Comparative addition of dexmedetomidine and fentanyl to intrathecal bupivacaine in orthopedic procedure in lower limbs

BMC Anesthesiology201818:62

https://doi.org/10.1186/s12871-018-0531-7

  • Received: 29 December 2017
  • Accepted: 25 May 2018
  • Published:
Open Peer Review reports

Abstract

Background

Spinal block is a common procedure for lower limbs surgery. Fentanyl, a synthetic opioid and dexmedetomidine, a selective α2 agonist have been used as adjuvants in spinal anesthesia to prolong intraoperative and postoperative analgesia. The aim of current study is to compare the efficacy of dexmedetomidine and fentanyl added to intrathecal bupivacaine in orthopedic procedures in lower limbs.

Methods

In this randomized clinical trial, 90 patients undergoing elective lower limb surgeries were randomly allocated to three groups. Via intrathecal approach, the patients received 2.5 ml hyperbaric bupivacaine 0.5% plus 5 micrograms dexmedetomidine (BD group), 25 micrograms fentanyl (BF group) or 0.5 ml normal saline (BN group), respectively. Time to reach the complete motor block, the highest sensory level, regression from block, analgesic request and duration of the drug effect, hemodynamic changes and side effects were compared between the groups.

Results

There was no significant difference between the groups regrading time to reach complete motor block, but time to reach the highest sensory level was shorter in group BD than group BF (6.28 ± 1.75 vs. 7.17 ± 1.45, p = 0.03). Group BD had significantly lower mean of NRS 6 h after operation (1.90 ± 0.84 vs. 6.16 ± 1.44 vs. 6.30 ± 1.17, p < 0.001) and longer duration to regress to Bromage 0 (331.60 ± 73.96 vs. 185.56 ± 35.87 vs. 147.03 ± 33.05 min, p < 0.001), to analgesic request (496.63 ± 70.19 vs. 296.33 ± 44.83 vs. 221.83 ± 22.26 min, p < 0.001), to regress two sensory levels (149.00 ± 23.17 vs. 88.90 ± 12.85 vs. 69.33 ± 6.67 min, p < 0.001) and to regress to S1 (560.53 ± 81.86 vs. 329.83 ± 44.10 vs. 241.83 ± 22.26 min, p < 0.001). Serial changes in SBP (p = 0.006), DBP (p = 0.03) and HR (p = 0.002) in group BF were significantly higher than the other two groups. The three groups had comparable side effects.

Conclusions

Using dexmedetomidine as an adjuvant to bupivacaine for spinal anesthesia in lower limb surgeries has longer duration of sensory and motor block and longer postoperative analgesia.

Trial registration

IRCT registration number: IRCT2017041010599N15, 24 May 2017.

Keywords

  • Lower limb surgery
  • Dexmedetomidine
  • Fentanyl
  • Intrathecal
  • Pain management

Background

Lower limb surgeries could be performed under local, neuroaxial and general anesthesia, but neuroaxial block is the preferred method. Spinal block has rapid onset, deep block, lower risk of infection and is cost effective. However, post-operative pain is an important problem as the used drugs have limited duration of effect; so the post-operative analgesic administration is necessary [1, 2].

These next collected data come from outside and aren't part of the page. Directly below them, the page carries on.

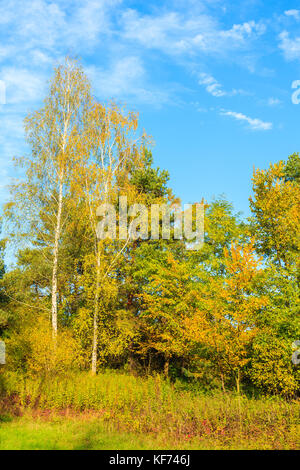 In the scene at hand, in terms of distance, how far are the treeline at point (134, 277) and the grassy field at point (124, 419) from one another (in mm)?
1354

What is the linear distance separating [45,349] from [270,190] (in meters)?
16.8

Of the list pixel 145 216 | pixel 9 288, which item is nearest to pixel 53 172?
pixel 145 216

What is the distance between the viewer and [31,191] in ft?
63.2

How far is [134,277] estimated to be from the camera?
22.4m

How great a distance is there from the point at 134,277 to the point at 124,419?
10806 millimetres

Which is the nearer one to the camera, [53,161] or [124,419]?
[124,419]

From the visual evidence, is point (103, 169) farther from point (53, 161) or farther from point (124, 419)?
point (124, 419)

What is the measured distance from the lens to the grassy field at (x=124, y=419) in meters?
9.75

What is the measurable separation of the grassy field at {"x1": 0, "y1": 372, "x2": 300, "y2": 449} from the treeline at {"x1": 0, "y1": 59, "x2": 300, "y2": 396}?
53.3 inches

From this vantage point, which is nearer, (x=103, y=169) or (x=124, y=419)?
(x=124, y=419)

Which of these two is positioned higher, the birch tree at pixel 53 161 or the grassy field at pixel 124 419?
the birch tree at pixel 53 161

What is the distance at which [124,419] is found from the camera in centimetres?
1228

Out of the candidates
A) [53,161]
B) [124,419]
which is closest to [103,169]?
[53,161]

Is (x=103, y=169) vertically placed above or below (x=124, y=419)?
above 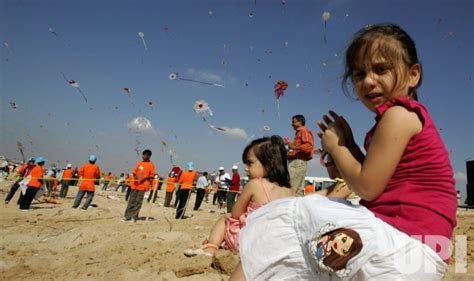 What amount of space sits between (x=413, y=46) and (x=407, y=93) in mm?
221

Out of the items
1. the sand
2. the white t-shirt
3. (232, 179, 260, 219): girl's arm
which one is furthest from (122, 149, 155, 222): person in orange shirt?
(232, 179, 260, 219): girl's arm

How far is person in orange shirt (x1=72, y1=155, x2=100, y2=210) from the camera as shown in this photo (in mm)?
11188

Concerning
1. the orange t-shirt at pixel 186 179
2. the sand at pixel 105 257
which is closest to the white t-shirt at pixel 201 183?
the orange t-shirt at pixel 186 179

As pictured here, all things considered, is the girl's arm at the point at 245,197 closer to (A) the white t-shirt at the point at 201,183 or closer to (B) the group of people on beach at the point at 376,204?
(B) the group of people on beach at the point at 376,204

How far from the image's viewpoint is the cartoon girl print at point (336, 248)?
1.11 m

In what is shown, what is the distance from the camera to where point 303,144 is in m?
5.68

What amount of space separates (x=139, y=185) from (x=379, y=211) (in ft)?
28.3

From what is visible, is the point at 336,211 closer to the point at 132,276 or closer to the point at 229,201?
the point at 132,276

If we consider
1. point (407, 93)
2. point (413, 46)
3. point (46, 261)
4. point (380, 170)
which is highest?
point (413, 46)

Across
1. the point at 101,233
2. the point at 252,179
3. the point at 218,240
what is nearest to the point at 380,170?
the point at 252,179

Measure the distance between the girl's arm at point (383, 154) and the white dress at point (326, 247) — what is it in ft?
0.33

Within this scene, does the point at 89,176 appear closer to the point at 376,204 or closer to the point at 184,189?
the point at 184,189

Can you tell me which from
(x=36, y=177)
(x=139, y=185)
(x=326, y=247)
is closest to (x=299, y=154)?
(x=326, y=247)

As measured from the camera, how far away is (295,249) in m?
1.26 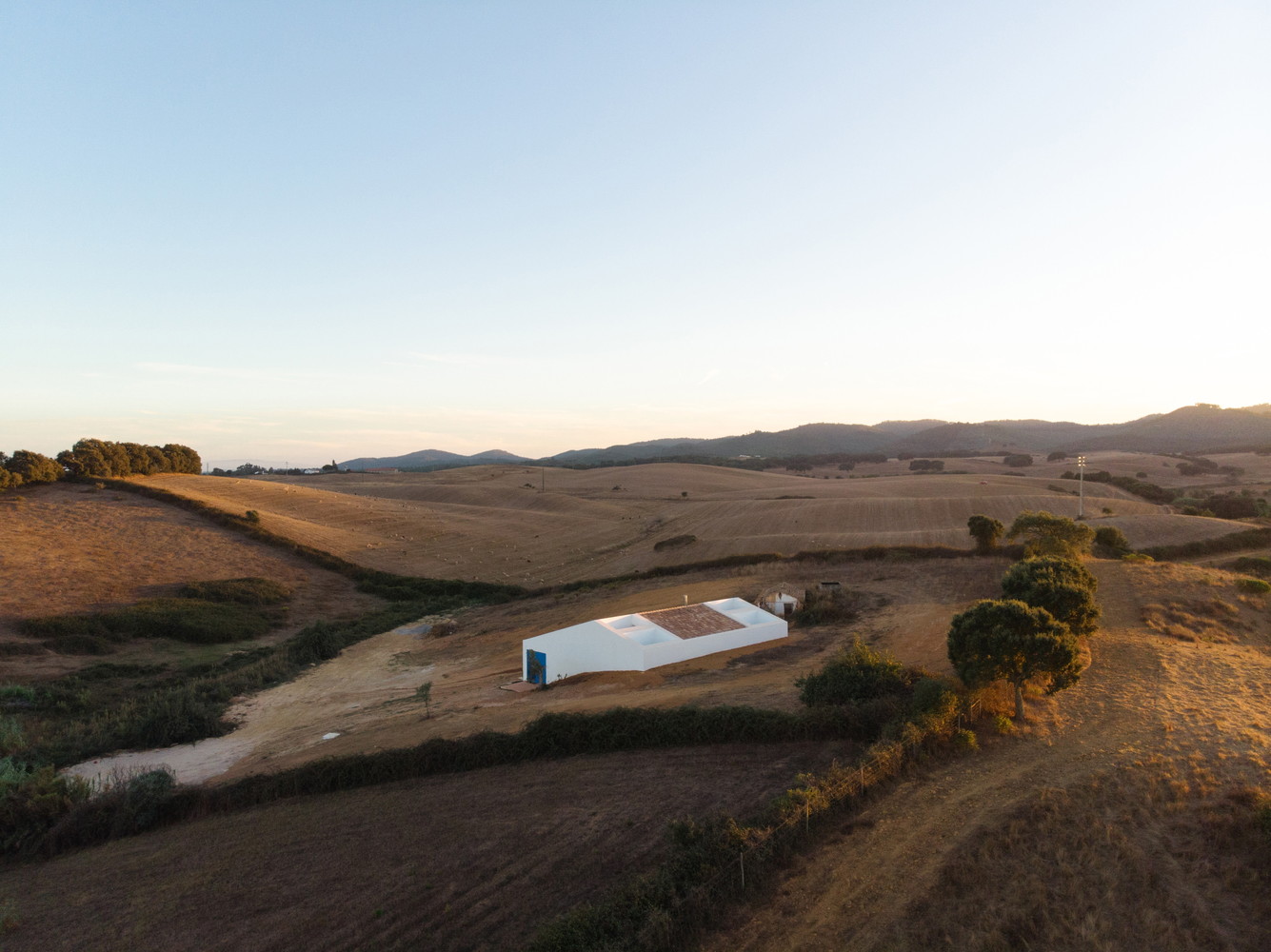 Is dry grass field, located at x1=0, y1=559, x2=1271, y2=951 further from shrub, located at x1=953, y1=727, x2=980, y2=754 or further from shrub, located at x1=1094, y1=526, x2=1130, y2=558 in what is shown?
shrub, located at x1=1094, y1=526, x2=1130, y2=558

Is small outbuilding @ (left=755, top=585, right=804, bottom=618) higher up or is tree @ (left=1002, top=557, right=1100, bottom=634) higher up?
tree @ (left=1002, top=557, right=1100, bottom=634)

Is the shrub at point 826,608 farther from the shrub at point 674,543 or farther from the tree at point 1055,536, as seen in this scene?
the shrub at point 674,543

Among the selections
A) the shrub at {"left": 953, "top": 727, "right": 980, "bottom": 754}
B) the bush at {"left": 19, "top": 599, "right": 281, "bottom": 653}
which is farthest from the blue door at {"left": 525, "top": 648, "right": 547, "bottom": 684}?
the bush at {"left": 19, "top": 599, "right": 281, "bottom": 653}

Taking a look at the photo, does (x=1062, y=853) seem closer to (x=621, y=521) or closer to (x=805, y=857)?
(x=805, y=857)

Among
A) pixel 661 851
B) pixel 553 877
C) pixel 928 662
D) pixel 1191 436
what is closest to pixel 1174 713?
pixel 928 662

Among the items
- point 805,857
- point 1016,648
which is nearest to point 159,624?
point 805,857

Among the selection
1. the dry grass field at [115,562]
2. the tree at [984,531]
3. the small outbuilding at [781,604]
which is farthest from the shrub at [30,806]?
the tree at [984,531] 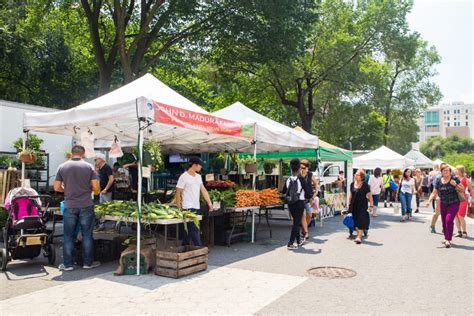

Administrating the combinations of other classes of analgesics with local anesthetics has used to increase the duration and reduce side effects of analgesia [3]. Some drugs have been used as adjuvants in spinal anesthesia to prolong intraoperative and postoperative analgesia [1, 2] including opioids, α2 agonists, neostigmine, vasoconstrictors, etc. Clonidine and dexmedetomidine are two α2 agonists affecting via pre- and post-synaptic α2 receptors [4]. Dexmedetomidine has been widely used for anesthesia and analgesic purposes. This drug has sedative, anti-anxiety, analgesic, neuroprotective, and anesthetic-sparing effects [5]. Dexmedetomidine along with other drugs have been used to increase the duration of analgesia in subarachnoid, epidural and caudal blocks [6, 7].

Fentanyl is a synthetic opioid with central action, which is used widely for pain control. Intrathecal fentanyl is usually added to other local anesthetics to increase anesthesia and analgesia. It has improved spinal anesthesia and reduced the anesthetic drug related side effects including pruritus, nausea and vomiting [8].

Dexmedetomidine and fentanyl have been used as adjuvant to local anesthetics in different surgeries to provide superior analgesia and to improve the duration of the block [911]. One study on lower limbs surgery showed a better efficacy with dexmedetomidine [12].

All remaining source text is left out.